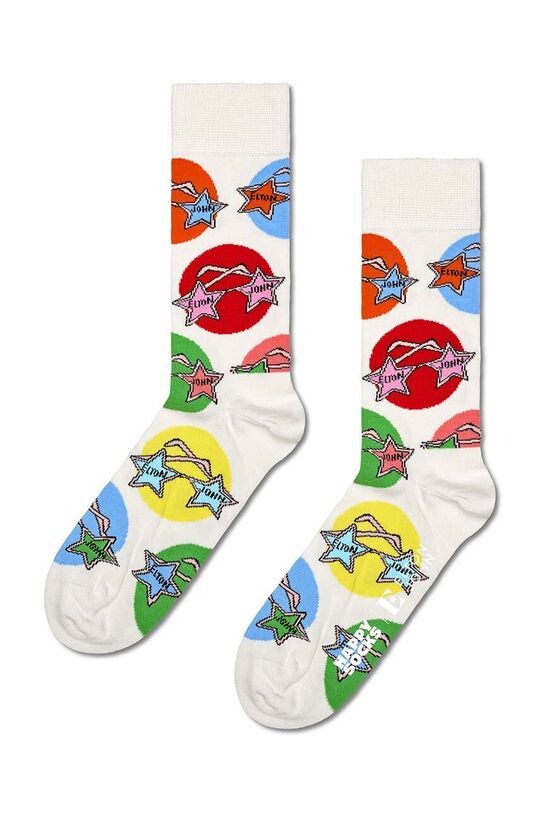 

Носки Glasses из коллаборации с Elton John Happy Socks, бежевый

******

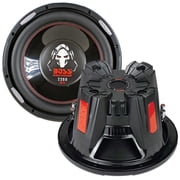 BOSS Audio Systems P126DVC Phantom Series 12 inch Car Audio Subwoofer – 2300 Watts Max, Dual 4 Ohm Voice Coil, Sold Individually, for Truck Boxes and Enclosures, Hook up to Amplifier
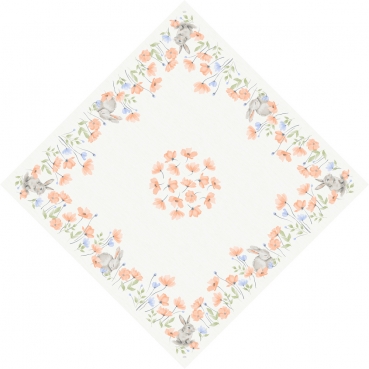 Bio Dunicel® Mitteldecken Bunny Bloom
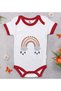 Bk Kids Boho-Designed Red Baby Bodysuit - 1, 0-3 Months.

******

» **EXERCISE DETAILS**
Reproduce exactly the lines of the data above that run from the line with "BOSS Audio Systems" down to the line with "Bk Kids Boho-Designed", both ends included. Pictures do not belong in the copy.

» **RESPONSE**
 BOSS Audio Systems P126DVC Phantom Series 12 inch Car Audio Subwoofer – 2300 Watts Max, Dual 4 Ohm Voice Coil, Sold Individually, for Truck Boxes and Enclosures, Hook up to Amplifier
 Bio Dunicel® Mitteldecken Bunny Bloom
 Bk Kids Boho-Designed Red Baby Bodysuit - 1, 0-3 Months.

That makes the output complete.